Data section

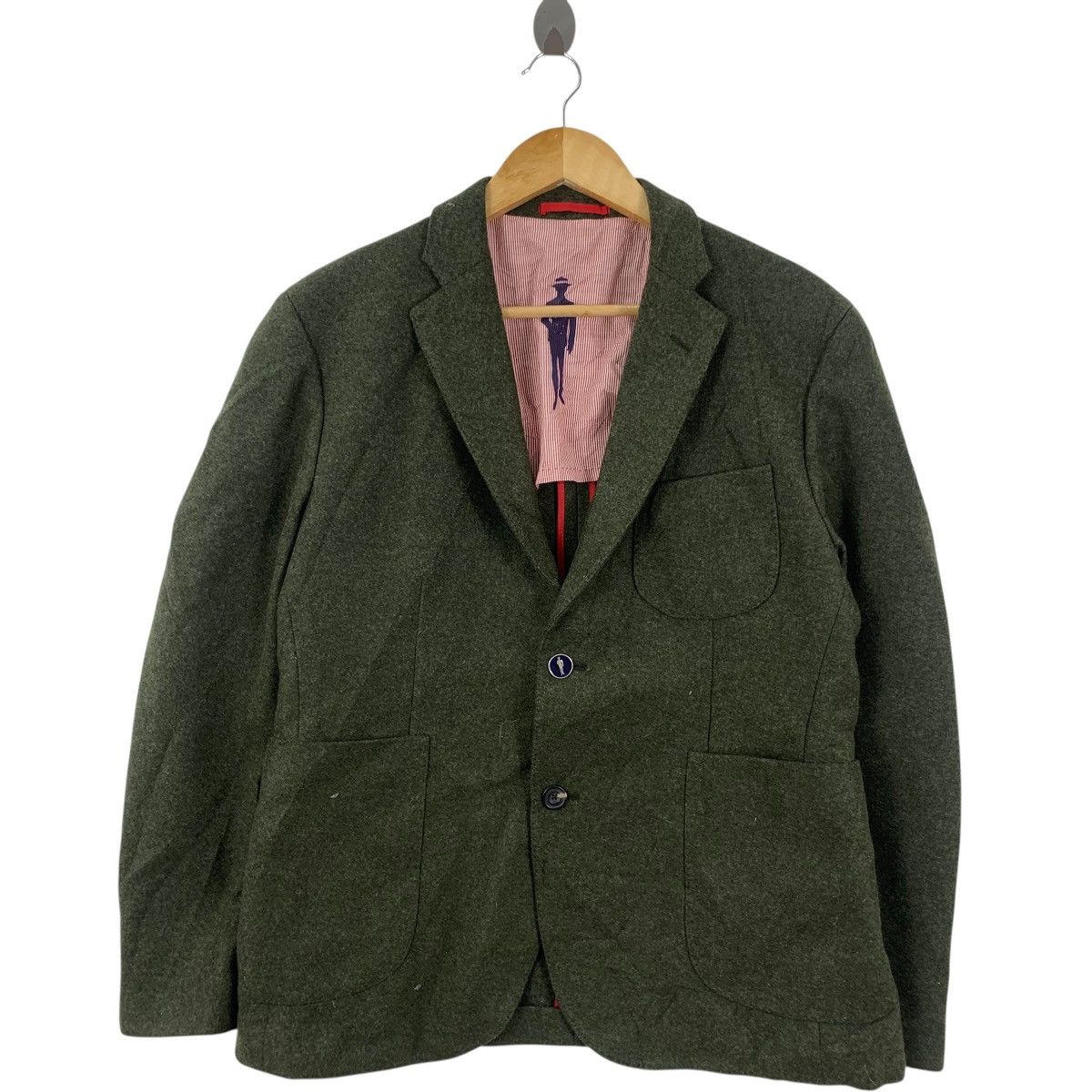 Hardy Amies Vintage HARDY AMIES PRESENT Collection Heddon Fit Blazer Size 34R - 5 Thumbnail
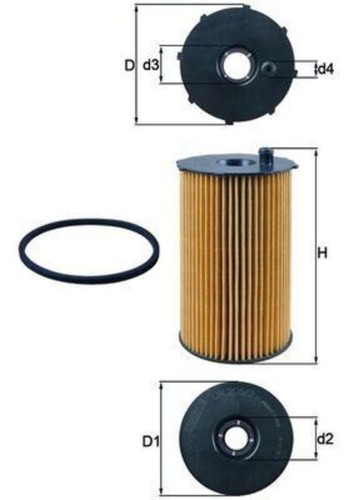 Oil filter mahle - oil,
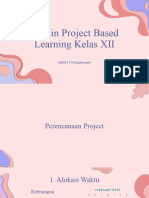 Desain PJBL Kelas XII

What needs to be done
Would it be possible to reproduce the material word for word, images omitted?

Task solution
 Hardy Amies Vintage HARDY AMIES PRESENT Collection Heddon Fit Blazer Size 34R - 5 Thumbnail
 Oil filter mahle - oil,
 Desain PJBL Kelas XII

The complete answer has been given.